[Opening Data in this exercise section]

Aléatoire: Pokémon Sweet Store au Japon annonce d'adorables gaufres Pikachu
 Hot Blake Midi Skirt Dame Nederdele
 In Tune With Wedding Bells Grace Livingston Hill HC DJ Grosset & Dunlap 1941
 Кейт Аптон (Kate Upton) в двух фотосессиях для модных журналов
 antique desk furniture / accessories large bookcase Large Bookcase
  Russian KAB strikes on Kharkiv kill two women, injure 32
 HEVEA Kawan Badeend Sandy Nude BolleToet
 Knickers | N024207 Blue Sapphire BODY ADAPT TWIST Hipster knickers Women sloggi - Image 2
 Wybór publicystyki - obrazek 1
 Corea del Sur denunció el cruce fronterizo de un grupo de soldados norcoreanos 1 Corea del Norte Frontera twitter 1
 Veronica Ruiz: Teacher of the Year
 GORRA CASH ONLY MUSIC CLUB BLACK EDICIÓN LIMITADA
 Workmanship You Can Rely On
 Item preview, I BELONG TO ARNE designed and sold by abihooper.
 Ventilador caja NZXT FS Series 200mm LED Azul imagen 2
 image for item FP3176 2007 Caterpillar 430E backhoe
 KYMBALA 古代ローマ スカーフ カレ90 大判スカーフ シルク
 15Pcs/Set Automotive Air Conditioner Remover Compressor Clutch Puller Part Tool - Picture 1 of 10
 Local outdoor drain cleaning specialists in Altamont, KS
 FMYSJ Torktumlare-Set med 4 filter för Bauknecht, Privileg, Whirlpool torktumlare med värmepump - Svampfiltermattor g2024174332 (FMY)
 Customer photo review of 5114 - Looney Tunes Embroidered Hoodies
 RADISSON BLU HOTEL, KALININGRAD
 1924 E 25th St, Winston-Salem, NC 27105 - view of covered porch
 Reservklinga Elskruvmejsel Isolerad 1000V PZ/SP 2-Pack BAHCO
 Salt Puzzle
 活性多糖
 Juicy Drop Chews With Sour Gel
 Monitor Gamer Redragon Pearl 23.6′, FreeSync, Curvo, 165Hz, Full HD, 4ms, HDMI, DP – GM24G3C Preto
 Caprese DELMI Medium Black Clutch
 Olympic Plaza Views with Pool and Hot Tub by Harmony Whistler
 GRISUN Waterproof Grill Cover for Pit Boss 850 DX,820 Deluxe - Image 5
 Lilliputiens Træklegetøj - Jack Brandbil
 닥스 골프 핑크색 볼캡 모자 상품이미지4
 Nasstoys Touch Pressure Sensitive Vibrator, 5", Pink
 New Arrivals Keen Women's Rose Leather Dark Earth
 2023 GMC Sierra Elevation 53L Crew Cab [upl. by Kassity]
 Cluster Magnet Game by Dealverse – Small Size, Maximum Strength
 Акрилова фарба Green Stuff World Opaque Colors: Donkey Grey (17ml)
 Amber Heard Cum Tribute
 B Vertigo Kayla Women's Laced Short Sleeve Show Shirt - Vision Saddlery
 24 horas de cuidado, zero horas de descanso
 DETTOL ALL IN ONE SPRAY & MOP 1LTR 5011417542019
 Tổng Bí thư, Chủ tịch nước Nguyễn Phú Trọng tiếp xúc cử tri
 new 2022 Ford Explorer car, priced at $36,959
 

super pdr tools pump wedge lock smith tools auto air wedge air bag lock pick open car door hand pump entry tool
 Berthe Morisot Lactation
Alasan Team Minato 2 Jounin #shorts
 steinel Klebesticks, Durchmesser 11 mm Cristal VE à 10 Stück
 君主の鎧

[Closing Data in this exercise section]

Repeat word for word every line from the start of the entries to the line holding "KYMBALA 古代ローマ スカーフ カレ90 大判スカーフ シルク", inclusive, and nothing else.

Answer space:
Aléatoire: Pokémon Sweet Store au Japon annonce d'adorables gaufres Pikachu
 Hot Blake Midi Skirt Dame Nederdele
 In Tune With Wedding Bells Grace Livingston Hill HC DJ Grosset & Dunlap 1941
 Кейт Аптон (Kate Upton) в двух фотосессиях для модных журналов
 antique desk furniture / accessories large bookcase Large Bookcase
  Russian KAB strikes on Kharkiv kill two women, injure 32
 HEVEA Kawan Badeend Sandy Nude BolleToet
 Knickers | N024207 Blue Sapphire BODY ADAPT TWIST Hipster knickers Women sloggi - Image 2
 Wybór publicystyki - obrazek 1
 Corea del Sur denunció el cruce fronterizo de un grupo de soldados norcoreanos 1 Corea del Norte Frontera twitter 1
 Veronica Ruiz: Teacher of the Year
 GORRA CASH ONLY MUSIC CLUB BLACK EDICIÓN LIMITADA
 Workmanship You Can Rely On
 Item preview, I BELONG TO ARNE designed and sold by abihooper.
 Ventilador caja NZXT FS Series 200mm LED Azul imagen 2
 image for item FP3176 2007 Caterpillar 430E backhoe
 KYMBALA 古代ローマ スカーフ カレ90 大判スカーフ シルク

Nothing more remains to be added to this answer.